Habib (in front of the Rainier Vista housing community) believes children benefit from mentors who look like them, speak their languages, and can relate to their experiences. 

Habib fell into a deep depression. She took time off from school and moved back home. Telling her parents she did not want to be a doctor “was one of the hardest things I’ve had to do,” she recalls, “but I was already at the lowest I could be, and the only thing that became important was being happy again, feeling normal. The depression forced me to speak my truth.”

Habib remembered liking an anthropology course she had taken at the University, so when she returned to campus she decided to take more, including an anthropology service learning course that involved tutoring Somali children at a local nonprofit. “That was a huge turning point,” Habib says. Being around Somali youth felt familiar, as did the children’s focus on academic success. Habib saw herself in those students and understood the intense pressure they felt to succeed.

“There’s this huge emphasis on getting your work done,” she says. “But what about connection? What about emotion? I learned the hard way that you have to make time for that, or your body will force you to make time for it. I wanted to prevent the same thing from happening to these kids.”

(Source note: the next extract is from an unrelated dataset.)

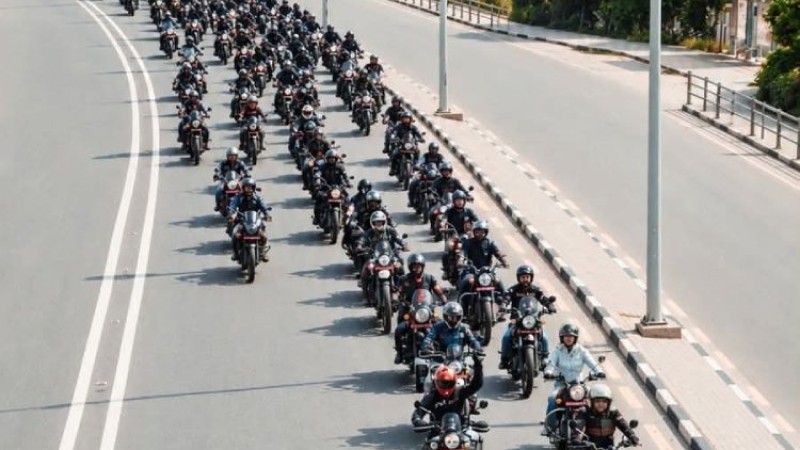 रोयल इन्फिल्डको ‘वान राइड’ सम्पन्न, १५०० बढी राइडर सहभागी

That thought stayed with Habib after she graduated from the UW. She read books about youth development and volunteered with nonprofits to better understand existing programs for children. None of those programs provided the services she wanted to offer, so after a year of planning and envisioning — including many conversations with mentor Bettina Shell-Duncan, UW professor of anthropology — Habib launched World Mind Creation Academy.

“It felt like the perfect grant at the right time," Habib says of applying for a Best Starts for Kids grant. "It just fit with everything we were trying to do.”

WMCA is an afterschool program in South Seattle’s Rainier Vista neighborhood. In six-week sessions, children ages 6 to 14 play games, participate in other team-building activities, and take on community projects. “I felt children needed to feel a sense of belonging, to celebrate their cultural heritage, and to discover that they can thrive and make a difference in their own communities,” says Habib.

Adult mentors are an important part in this endeavor. Habib believes children benefit from mentors who look like them, speak their languages, and can relate to their experiences. WMCA mentors help with projects but encourage the children to take the lead — an experience Habib wished she’d had as a child. “I didn't feel fully heard when I was eight,” she says. “That happens so much with kids, and it’s so unfair to them. At WMCA, kids get to own the program. That can be very challenging for the adults, who want things to be perfect. But our idea of perfect and the kids’ idea of perfect is not that same, and we have to accept that.”

For the first few years, Habib ran WMCA on a shoestring budget, securing short-term projects on a contract basis. Then she heard about King County’s Best Starts for Kids initiative. “It felt like the perfect grant at the right time,” she recalls. “It just fit with everything we were trying to do.”

Evidently so. Best Starts for Kids awarded WMCA $500,000 in 2017. With the additional funding, Habib has expanded WMCA’s curriculum while maintaining the focus on children’s emotional well-being. In 2020, she plans to introduce mindfulness training. “I’m really interested in going a lot further and refining the mental and emotional aspects of the work that we do,” she says.

Habib admits that receiving the grant was both exhilarating and scary — much like the decision to follow her passion rather acquiescing to societal expectations. Her journey has been difficult, but she wouldn’t change a thing.

“I feel like it’s all working out the way it’s supposed to,” Habib says. “When I was depressed and anxious, I felt like it was the worst possible thing that could happen to me. But now I realize it was a really important time in my life. It was my awakening to who I really am.”